My interest in music is more complicated than that, but I think that it stems from the fact that my grandmother is an extremely talented soprano singer who used to perform in operas and the Houston equivalent of Broadway. As a result, I’ve grown up surrounded by quite a lot of music.
Do you have any kind of special or unique signature, symbol, or feature you include in your work that you’d be willing to reveal?
I’ve tried to have an extra wear my red hoodie that says “Vampire Weekend” in the background of every film I’ve made. I haven’t kept up with it but it’s there sometimes!
What advice would you give young aspiring artists?
If you’re entering film, don’t compromise your vision to accommodate the limiting standards that the film industry has put in place. Retain a clear divide between the art that you do for yourself and any professional film experience (internships, PA jobs, etc.). That way, you’ll gain a lot of experience while not succumbing to the limitations of mainstream film.
Where on the spectrum do you identify?
I am asexual and I prefer not to specify a romantic orientation (I’m like almost aro though).
Have you encountered any kind of ace prejudice or ignorance in your field? If so, how do you handle it?

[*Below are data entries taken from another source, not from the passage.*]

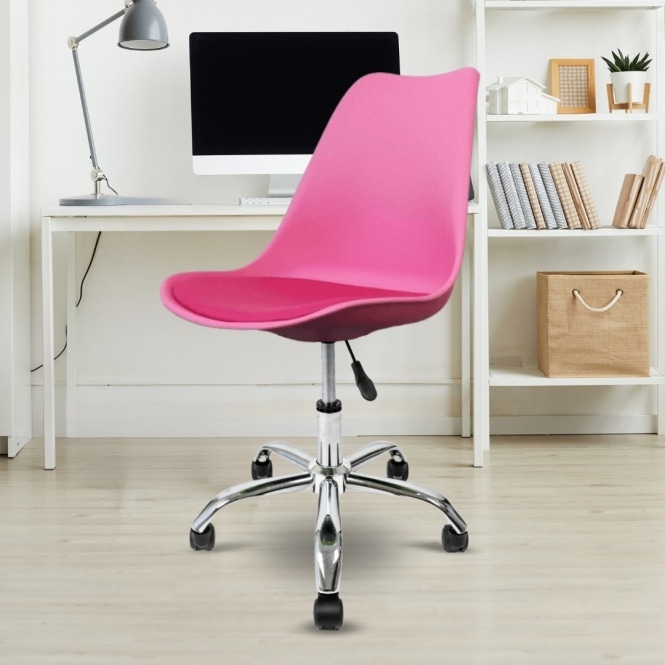 Fusion Living Soho Bright Pink Plastic Desk Chair with Swivel Base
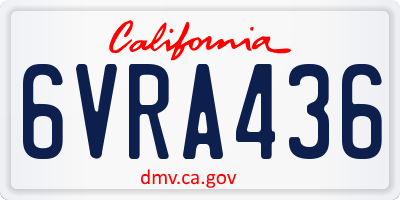 CA license plate 6VRA436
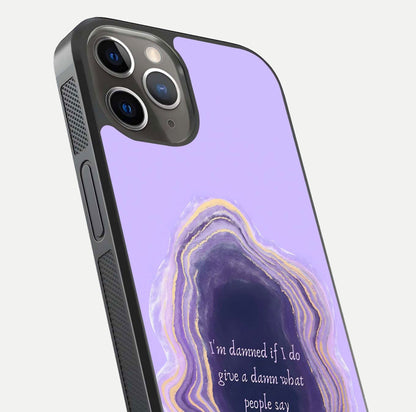 Damned People Quote Glass Case for iPhone 13 Pro close-up highlighting quote text and reflection depth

I haven’t encountered any in the film or music scenes, but that would be because I’m just not that involved publicly. I do know that there’s a lot of pressure on writers to introduce romantic subplots into their screenplays, and I tried that a few times, but eventually I was like “I am never doing this again”.
Additionally, there is a severe lack of asexual representation in mainstream media (along with nonbinary representation), so I hope to help remedy that.
What’s the most common misconception about asexuality that you’ve encountered?
I’ve heard a lot of really nasty rhetoric coming from aphobic people on Tumblr who post about “ace discourse” but I don’t really want to go into that.
What advice would you give to any asexual individuals out there who might be struggling with their orientation?
Someone once told me that if you think you aren’t cis then you probably aren’t to some degree and I think this definitely applies to the asexual and aromantic spectrums as well (and to some extent pretty much any LGBTQ identity). There’s nothing wrong with “questioning” and there’s nothing wrong with deciding not to identify as anything in particular.
Finally, where can people find out more about your work?
I have put together a film portfolio here: jonahshaukatfilm.weebly.com
The good ones are at the top and they get progressively worse as you scroll down.
Also, here is a link to the album I released this past summer: https://maniacfoxy.bandcamp.com/
Should any of y’all wish to drop by and say hi, my Tumblr is http://topitmunkeydog.tumblr.com/.
Thank you, Jonah, for participating in this interview and this project. It’s very much appreciated.